TASK INSTRUCTIONS: Nothing but the lines from the one with "Curso de Processo Legislativo Municipal" down to the one with "Madame Pret Embroidered Organza 4 Piece 2696" should be returned, exactly and with both ends included, from the material below.

DATA RECORDS:
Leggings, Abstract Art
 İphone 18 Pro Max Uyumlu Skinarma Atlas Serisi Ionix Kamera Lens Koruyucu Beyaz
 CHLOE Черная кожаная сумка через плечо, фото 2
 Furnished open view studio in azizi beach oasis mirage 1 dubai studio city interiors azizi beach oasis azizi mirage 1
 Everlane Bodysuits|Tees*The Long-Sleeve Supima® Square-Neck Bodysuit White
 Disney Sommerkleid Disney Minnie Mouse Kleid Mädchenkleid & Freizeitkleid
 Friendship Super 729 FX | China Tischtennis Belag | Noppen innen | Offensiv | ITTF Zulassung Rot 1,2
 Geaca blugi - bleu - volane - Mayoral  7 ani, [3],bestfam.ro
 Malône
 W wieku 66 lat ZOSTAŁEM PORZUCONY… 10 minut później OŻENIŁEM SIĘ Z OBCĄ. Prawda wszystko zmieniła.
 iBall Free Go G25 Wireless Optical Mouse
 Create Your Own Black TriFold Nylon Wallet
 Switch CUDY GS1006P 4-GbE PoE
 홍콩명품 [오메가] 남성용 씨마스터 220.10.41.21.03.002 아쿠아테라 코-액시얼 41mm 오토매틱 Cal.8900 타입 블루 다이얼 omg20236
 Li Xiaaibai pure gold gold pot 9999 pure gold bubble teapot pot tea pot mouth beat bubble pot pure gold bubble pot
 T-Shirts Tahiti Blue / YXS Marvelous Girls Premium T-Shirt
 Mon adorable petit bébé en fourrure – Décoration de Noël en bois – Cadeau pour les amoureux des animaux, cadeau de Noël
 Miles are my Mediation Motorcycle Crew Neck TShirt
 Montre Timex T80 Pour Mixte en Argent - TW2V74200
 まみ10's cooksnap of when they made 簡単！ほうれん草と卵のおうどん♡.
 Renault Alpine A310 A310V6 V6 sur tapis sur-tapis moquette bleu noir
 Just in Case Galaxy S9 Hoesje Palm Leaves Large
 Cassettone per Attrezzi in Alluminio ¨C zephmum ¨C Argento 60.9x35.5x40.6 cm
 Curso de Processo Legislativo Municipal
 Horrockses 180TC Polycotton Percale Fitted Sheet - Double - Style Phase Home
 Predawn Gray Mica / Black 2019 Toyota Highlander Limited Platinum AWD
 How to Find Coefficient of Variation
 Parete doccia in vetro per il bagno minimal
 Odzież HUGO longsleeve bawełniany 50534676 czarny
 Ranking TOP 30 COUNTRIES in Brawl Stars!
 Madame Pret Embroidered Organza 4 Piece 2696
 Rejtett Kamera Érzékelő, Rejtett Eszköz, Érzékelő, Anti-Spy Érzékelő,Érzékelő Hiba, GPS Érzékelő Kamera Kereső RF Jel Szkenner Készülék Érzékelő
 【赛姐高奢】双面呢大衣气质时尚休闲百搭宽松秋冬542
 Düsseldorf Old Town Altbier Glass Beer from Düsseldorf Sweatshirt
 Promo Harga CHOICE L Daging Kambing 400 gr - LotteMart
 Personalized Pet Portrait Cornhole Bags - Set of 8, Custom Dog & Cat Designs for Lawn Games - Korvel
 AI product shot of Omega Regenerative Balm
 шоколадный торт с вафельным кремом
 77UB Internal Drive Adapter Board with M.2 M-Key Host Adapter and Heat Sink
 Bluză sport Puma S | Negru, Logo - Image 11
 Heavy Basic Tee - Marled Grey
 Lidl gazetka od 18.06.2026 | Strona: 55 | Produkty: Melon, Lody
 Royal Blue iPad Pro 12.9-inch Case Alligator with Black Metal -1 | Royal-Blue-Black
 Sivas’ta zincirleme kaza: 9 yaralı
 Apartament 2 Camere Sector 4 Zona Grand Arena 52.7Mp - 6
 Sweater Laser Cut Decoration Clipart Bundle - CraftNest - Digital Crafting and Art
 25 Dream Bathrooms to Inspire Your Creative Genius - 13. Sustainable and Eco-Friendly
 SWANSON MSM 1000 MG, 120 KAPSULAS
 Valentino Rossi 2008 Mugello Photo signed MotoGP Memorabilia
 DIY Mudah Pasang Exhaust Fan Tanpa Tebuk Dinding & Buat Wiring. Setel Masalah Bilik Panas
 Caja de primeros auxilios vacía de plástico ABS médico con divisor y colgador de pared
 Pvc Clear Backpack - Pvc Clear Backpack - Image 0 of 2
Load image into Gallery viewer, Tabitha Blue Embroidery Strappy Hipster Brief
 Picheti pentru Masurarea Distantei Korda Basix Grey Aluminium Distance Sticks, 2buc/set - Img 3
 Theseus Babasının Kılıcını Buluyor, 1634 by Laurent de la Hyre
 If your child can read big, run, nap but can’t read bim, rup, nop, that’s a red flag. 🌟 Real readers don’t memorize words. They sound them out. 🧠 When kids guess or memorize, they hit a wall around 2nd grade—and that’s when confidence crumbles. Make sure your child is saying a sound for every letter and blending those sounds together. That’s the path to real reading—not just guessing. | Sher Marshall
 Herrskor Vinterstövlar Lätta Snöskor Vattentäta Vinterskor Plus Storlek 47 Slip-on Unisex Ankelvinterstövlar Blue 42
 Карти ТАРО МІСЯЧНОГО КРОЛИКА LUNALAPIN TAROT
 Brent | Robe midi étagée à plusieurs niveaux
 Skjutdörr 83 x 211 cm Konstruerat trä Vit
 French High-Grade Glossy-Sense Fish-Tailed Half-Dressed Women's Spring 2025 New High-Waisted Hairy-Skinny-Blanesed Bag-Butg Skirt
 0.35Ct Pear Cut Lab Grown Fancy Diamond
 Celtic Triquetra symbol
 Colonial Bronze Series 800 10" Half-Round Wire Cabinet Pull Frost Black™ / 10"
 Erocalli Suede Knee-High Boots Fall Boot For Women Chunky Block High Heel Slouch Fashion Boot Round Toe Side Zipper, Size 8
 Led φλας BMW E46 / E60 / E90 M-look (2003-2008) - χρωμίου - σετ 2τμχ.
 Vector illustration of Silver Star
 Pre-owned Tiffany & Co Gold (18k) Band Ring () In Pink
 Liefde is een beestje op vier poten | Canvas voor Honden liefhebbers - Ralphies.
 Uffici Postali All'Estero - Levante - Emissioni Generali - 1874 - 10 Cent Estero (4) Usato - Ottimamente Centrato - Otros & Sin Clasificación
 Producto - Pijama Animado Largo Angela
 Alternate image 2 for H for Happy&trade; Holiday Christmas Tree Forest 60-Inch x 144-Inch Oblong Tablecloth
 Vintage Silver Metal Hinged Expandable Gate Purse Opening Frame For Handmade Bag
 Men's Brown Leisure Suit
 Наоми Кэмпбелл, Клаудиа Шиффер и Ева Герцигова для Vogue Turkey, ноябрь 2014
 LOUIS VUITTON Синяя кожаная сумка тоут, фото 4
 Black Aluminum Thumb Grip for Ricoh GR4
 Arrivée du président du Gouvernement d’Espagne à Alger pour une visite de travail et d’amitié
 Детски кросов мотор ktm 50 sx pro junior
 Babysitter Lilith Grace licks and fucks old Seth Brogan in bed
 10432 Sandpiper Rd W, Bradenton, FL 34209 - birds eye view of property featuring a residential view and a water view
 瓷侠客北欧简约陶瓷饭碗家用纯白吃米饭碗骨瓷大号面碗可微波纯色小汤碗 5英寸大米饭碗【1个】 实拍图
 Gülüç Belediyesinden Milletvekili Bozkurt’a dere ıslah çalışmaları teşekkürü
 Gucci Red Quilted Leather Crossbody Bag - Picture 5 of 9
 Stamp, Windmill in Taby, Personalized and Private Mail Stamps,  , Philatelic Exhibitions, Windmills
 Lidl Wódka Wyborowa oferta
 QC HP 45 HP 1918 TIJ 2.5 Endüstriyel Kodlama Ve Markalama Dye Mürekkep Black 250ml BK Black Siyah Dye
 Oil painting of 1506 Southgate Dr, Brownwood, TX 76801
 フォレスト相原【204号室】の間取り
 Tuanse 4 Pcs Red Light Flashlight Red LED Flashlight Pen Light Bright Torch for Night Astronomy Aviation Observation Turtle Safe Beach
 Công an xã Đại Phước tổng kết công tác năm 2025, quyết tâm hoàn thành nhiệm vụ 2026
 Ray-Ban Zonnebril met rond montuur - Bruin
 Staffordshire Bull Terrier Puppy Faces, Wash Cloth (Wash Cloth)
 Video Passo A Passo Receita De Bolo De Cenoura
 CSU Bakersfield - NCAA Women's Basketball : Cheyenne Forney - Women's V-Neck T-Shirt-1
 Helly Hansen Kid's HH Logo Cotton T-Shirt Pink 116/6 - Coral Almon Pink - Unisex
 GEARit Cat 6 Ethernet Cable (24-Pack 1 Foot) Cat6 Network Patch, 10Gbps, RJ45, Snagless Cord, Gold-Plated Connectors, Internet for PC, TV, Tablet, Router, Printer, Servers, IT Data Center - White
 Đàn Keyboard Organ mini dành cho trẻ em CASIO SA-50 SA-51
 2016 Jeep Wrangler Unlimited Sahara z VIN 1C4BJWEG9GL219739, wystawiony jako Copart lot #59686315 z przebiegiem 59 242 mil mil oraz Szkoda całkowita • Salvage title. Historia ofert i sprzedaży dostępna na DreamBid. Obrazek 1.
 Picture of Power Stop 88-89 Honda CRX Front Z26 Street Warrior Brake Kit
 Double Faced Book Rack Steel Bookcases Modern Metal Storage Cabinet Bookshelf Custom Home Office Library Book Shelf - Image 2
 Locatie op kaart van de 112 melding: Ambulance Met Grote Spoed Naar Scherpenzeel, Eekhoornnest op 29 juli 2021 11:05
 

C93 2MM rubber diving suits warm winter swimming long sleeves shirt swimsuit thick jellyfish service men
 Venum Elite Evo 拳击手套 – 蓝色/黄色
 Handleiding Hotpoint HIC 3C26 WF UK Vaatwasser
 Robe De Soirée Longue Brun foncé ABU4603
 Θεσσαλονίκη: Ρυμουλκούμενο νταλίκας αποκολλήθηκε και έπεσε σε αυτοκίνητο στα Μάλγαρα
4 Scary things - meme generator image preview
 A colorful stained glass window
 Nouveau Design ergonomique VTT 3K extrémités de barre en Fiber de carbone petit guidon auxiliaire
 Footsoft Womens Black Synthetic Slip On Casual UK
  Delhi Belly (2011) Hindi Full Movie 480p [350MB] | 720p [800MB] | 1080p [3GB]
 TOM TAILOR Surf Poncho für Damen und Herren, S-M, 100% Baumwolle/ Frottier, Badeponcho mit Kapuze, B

SOLUTION:
 Curso de Processo Legislativo Municipal
 Horrockses 180TC Polycotton Percale Fitted Sheet - Double - Style Phase Home
 Predawn Gray Mica / Black 2019 Toyota Highlander Limited Platinum AWD
 How to Find Coefficient of Variation
 Parete doccia in vetro per il bagno minimal
 Odzież HUGO longsleeve bawełniany 50534676 czarny
 Ranking TOP 30 COUNTRIES in Brawl Stars!
 Madame Pret Embroidered Organza 4 Piece 2696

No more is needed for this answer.